▼

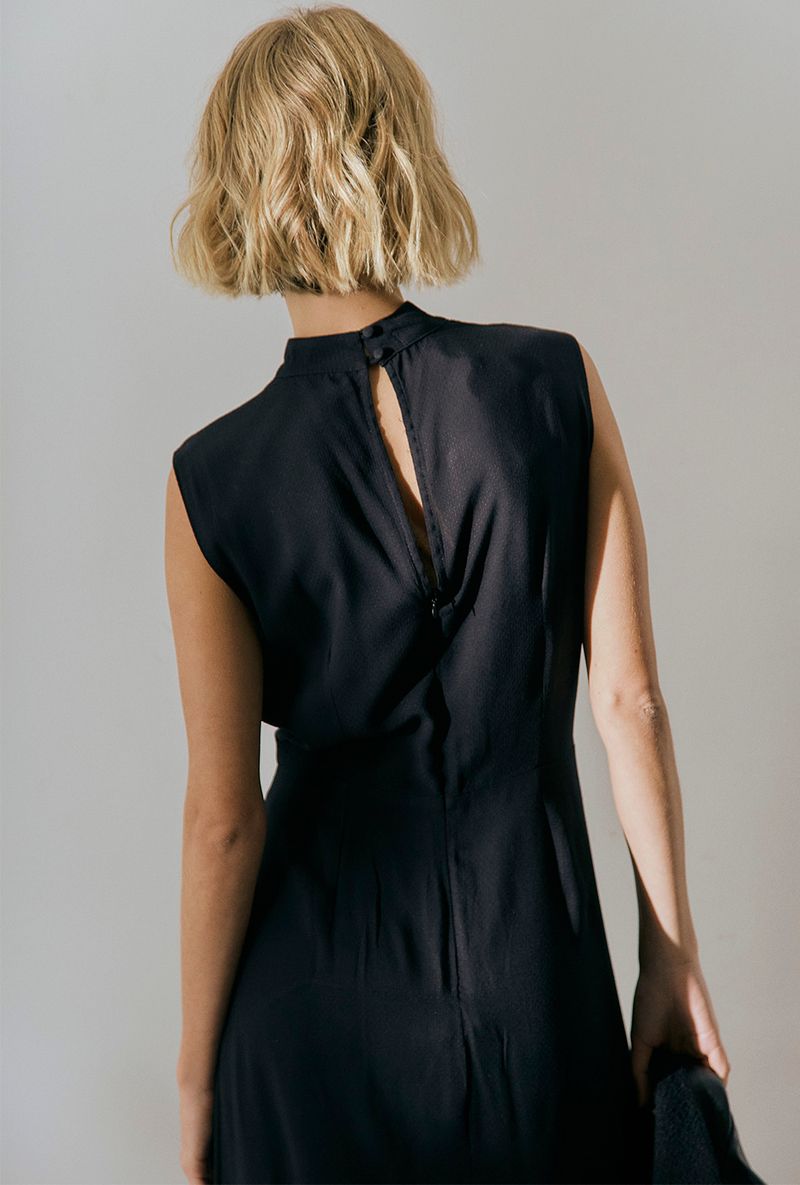 vestido-vesuvio---preto---costas-zoom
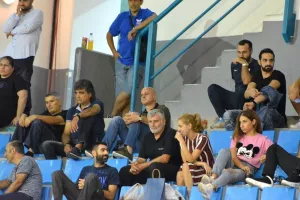 (ΦΩΤΟΣ) Παίκτες και Τιμούρ στις κερκίδες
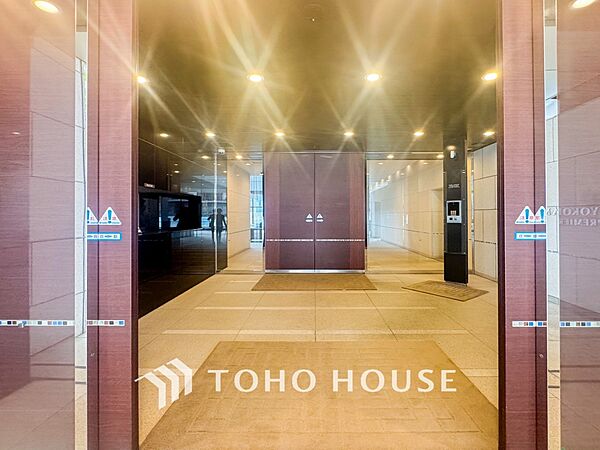 住まう誇らしさと安心感を演出する落ち着いた雰囲気のロビー。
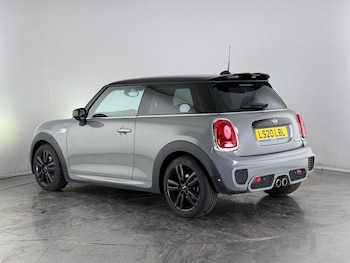 Used MINI Hatch 2020 for sale - 76688558: Photo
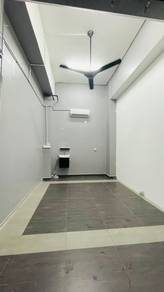 Ground floor shop at Bandar Putra Permai near equine park n Cyberjaya
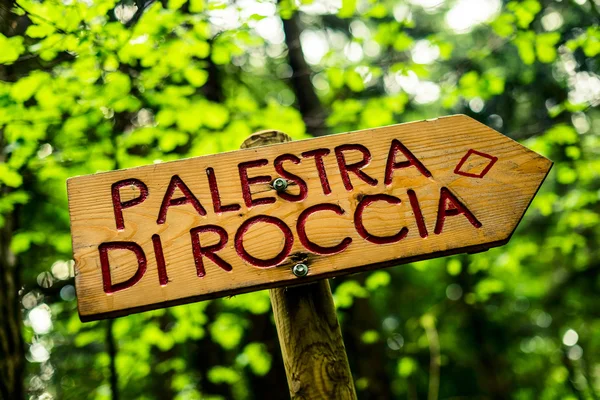 Segnaletica nel bosco - outdoor in italia — Foto Stock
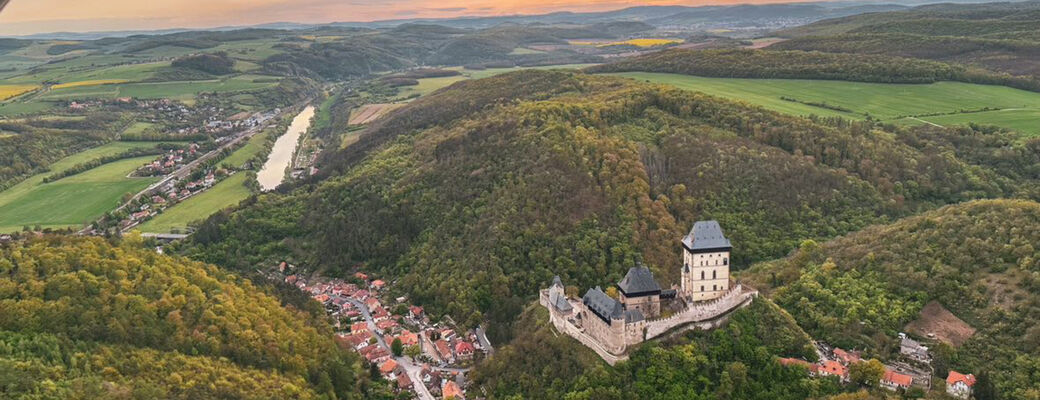 Vyhliadkový let nad Karlštejnom.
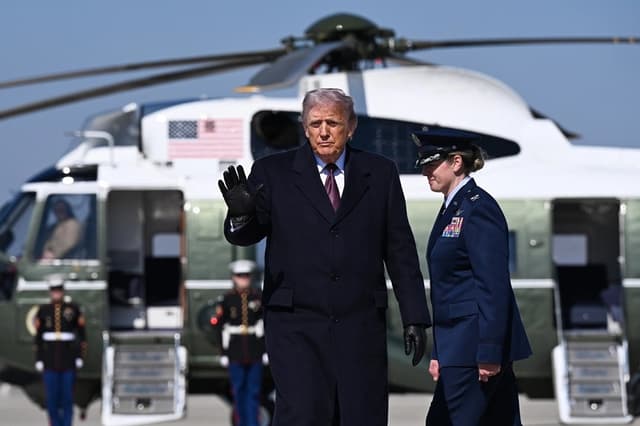 El presidente Donald Trump saluda con la mano mientras sube al Air Force One en la Base Conjunta Andrews, Maryland, el 27 de febrero de 2026. (Roberto Schmidt /Getty Images)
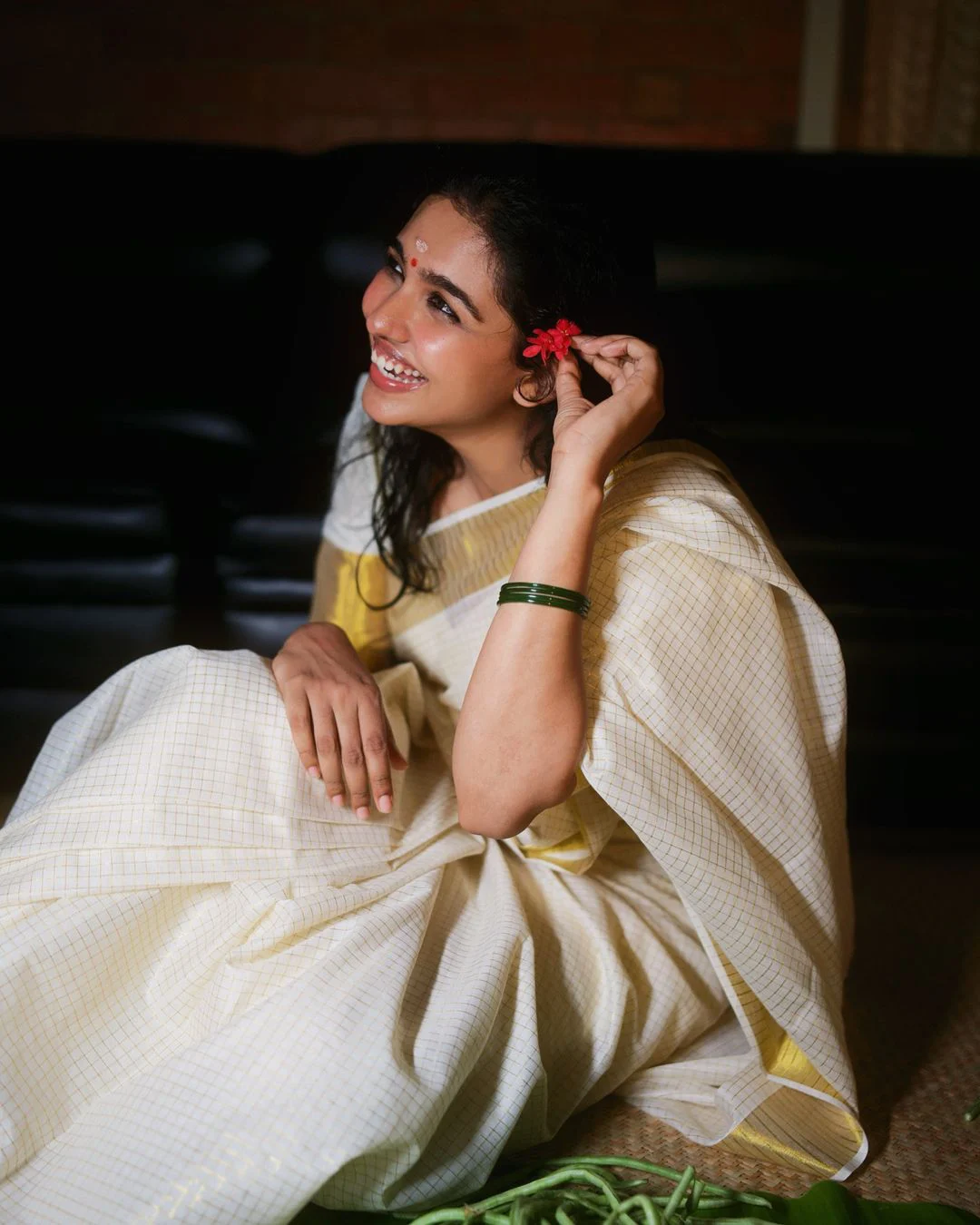 Premalu Actress Mamitha Baiju Onam Special Photos in Saree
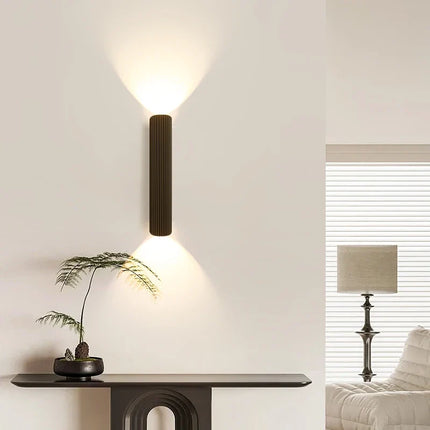 Applique murale stylisée avec protection des yeux et lumière spectre complet ambiance chaude — LZ4X9T2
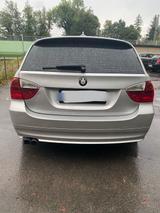 BMW 330d E91 - BMW 330 aus 2005: 330d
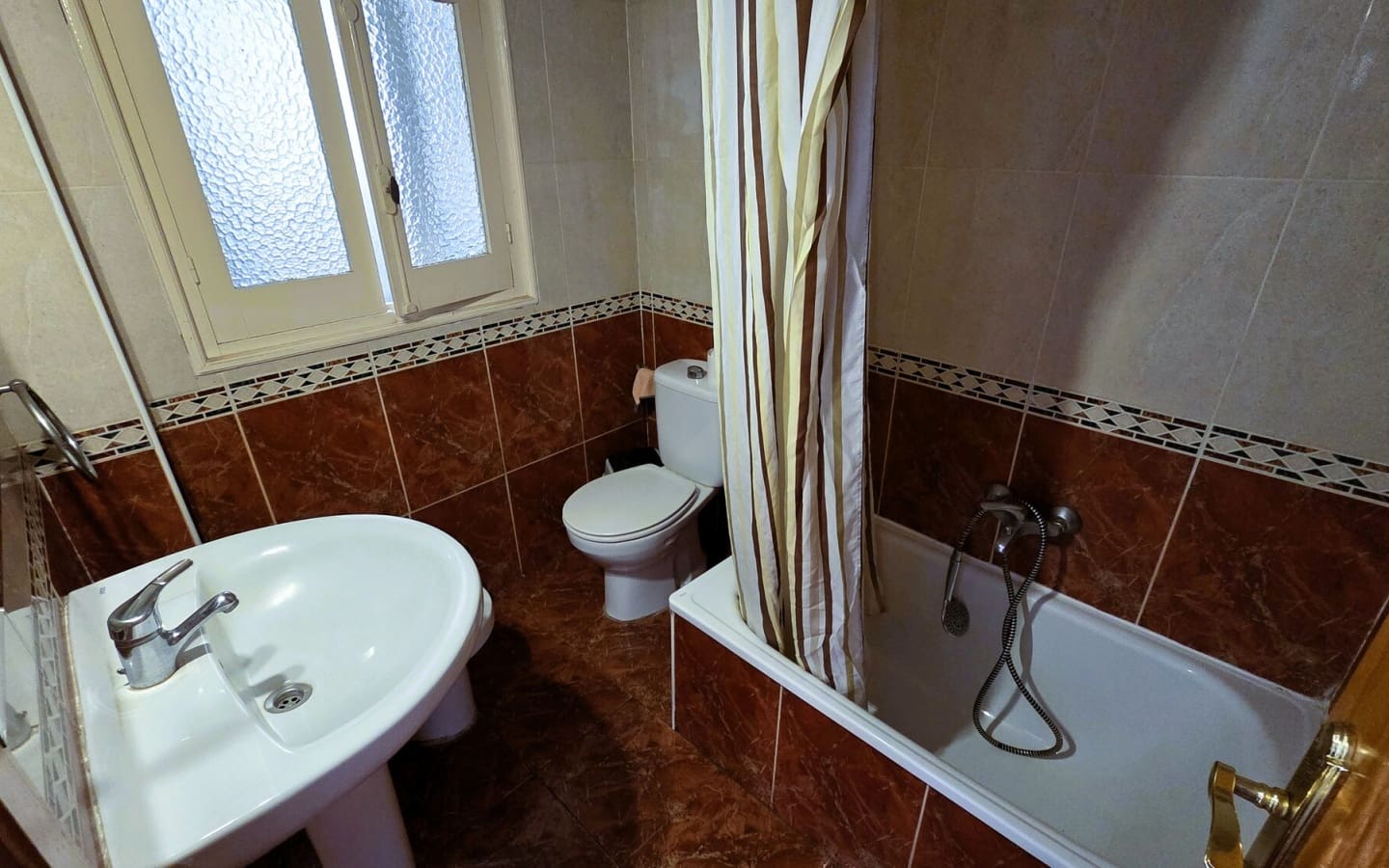 7 soverom Leilighet til salgs i Orgiva med garasje - € 250 000 (Ref: 5128148)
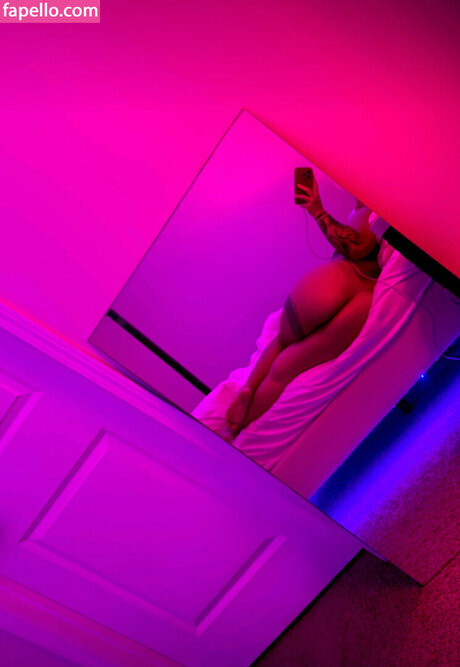 Hannah Kaipat pornographic star gallery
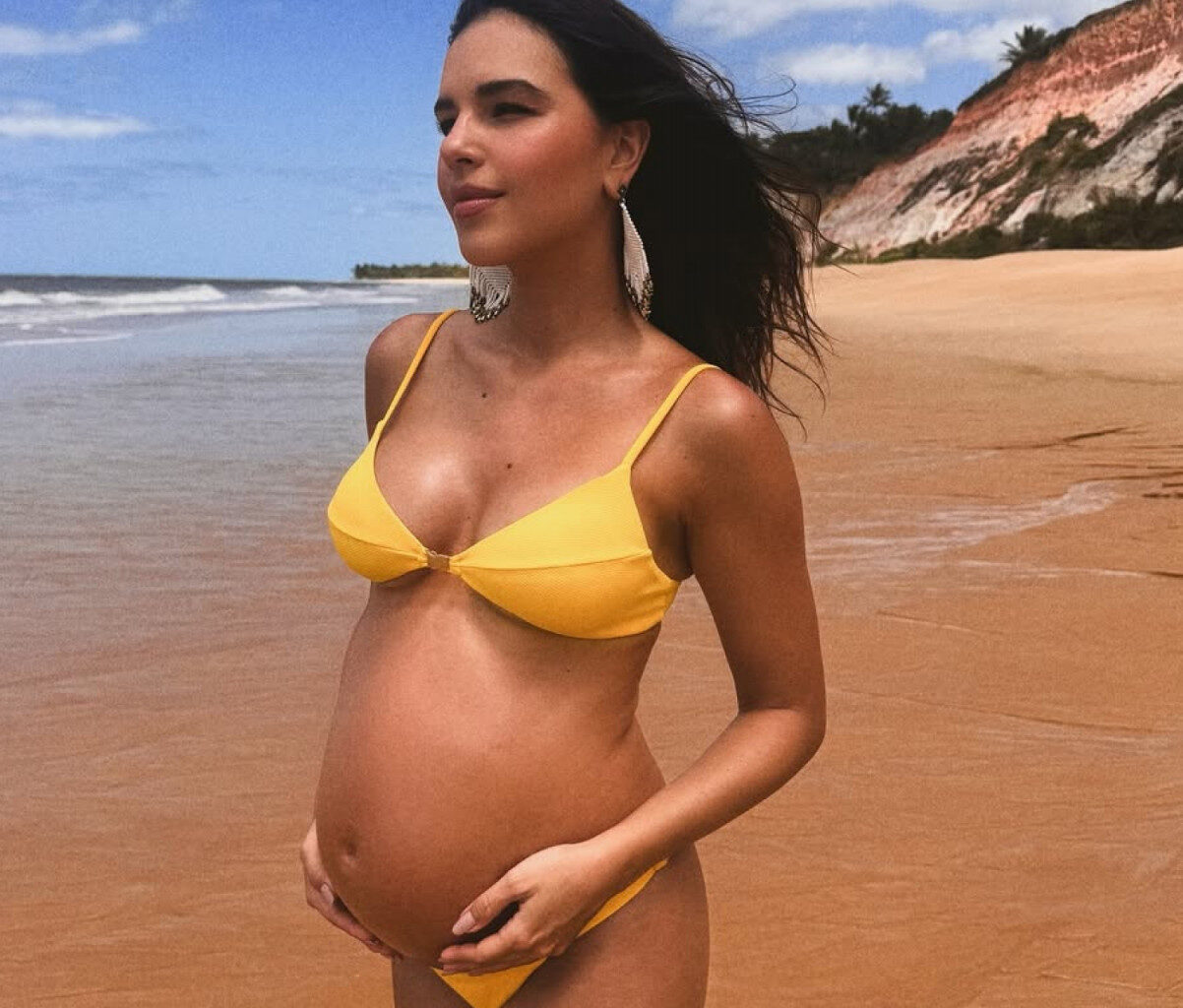 Grávida, Mariana Rios aproveita viagem na Bahia | Celebridades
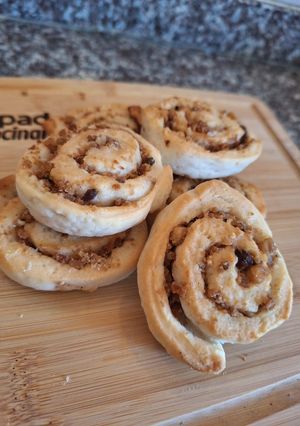 Una foto de Rols de chicharrón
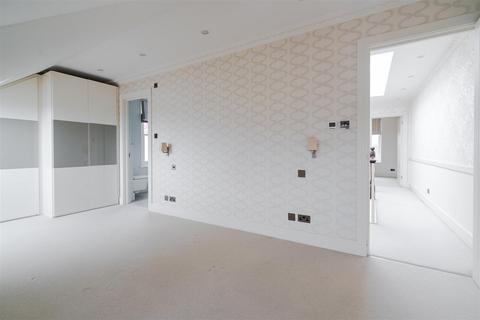 3 Westmoreland Road, London, SW13 9RZ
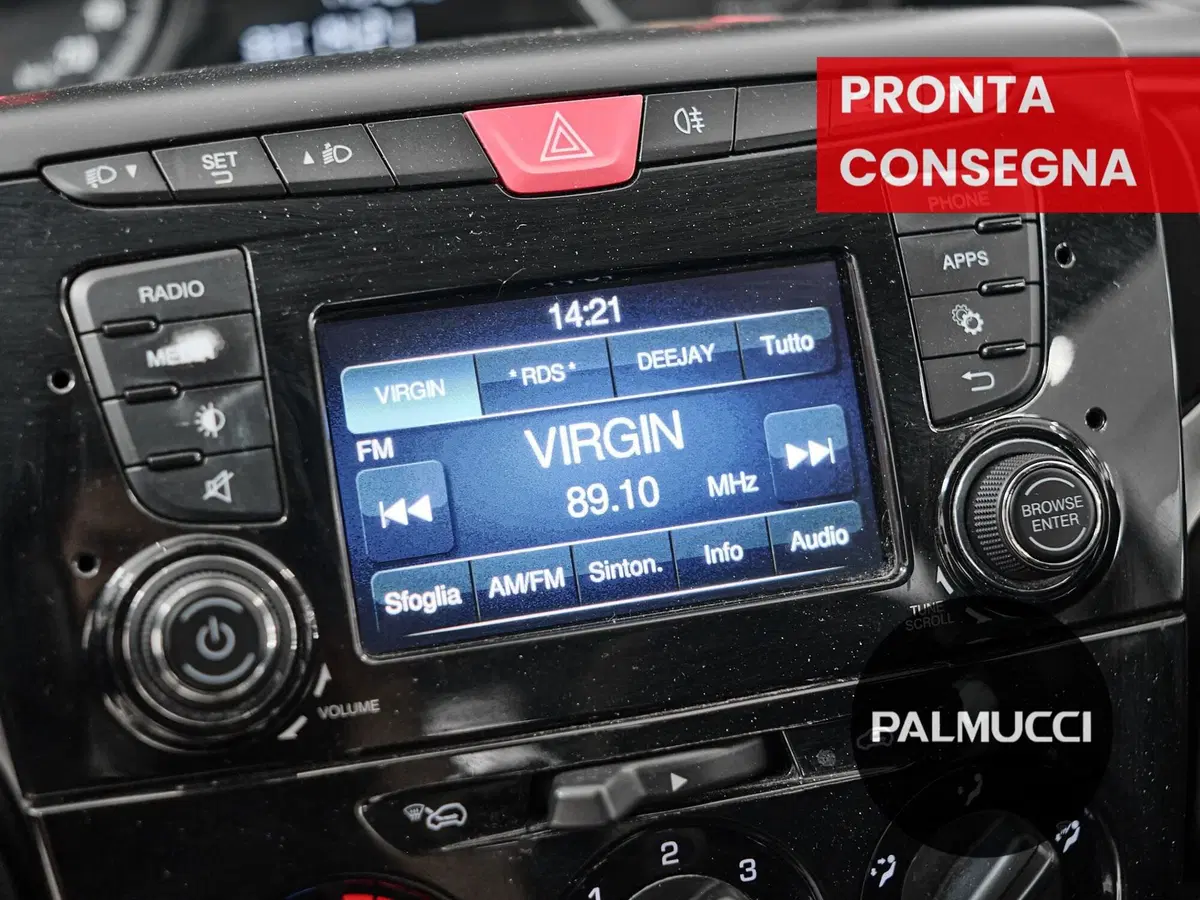 Lancia Ypsilon usata a Prato (16)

▲

▶ _Required action_:
Output the entries above verbatim, with no picture included.

▶ _Result of this exercise_:
 vestido-vesuvio---preto---costas-zoom
 (ΦΩΤΟΣ) Παίκτες και Τιμούρ στις κερκίδες
 住まう誇らしさと安心感を演出する落ち着いた雰囲気のロビー。
 Used MINI Hatch 2020 for sale - 76688558: Photo
 Ground floor shop at Bandar Putra Permai near equine park n Cyberjaya
 Segnaletica nel bosco - outdoor in italia — Foto Stock
 Vyhliadkový let nad Karlštejnom.
 El presidente Donald Trump saluda con la mano mientras sube al Air Force One en la Base Conjunta Andrews, Maryland, el 27 de febrero de 2026. (Roberto Schmidt /Getty Images)
 Premalu Actress Mamitha Baiju Onam Special Photos in Saree
 Applique murale stylisée avec protection des yeux et lumière spectre complet ambiance chaude — LZ4X9T2
 BMW 330d E91 - BMW 330 aus 2005: 330d
 7 soverom Leilighet til salgs i Orgiva med garasje - € 250 000 (Ref: 5128148)
 Hannah Kaipat pornographic star gallery
 Grávida, Mariana Rios aproveita viagem na Bahia | Celebridades
 Una foto de Rols de chicharrón
 3 Westmoreland Road, London, SW13 9RZ
 Lancia Ypsilon usata a Prato (16)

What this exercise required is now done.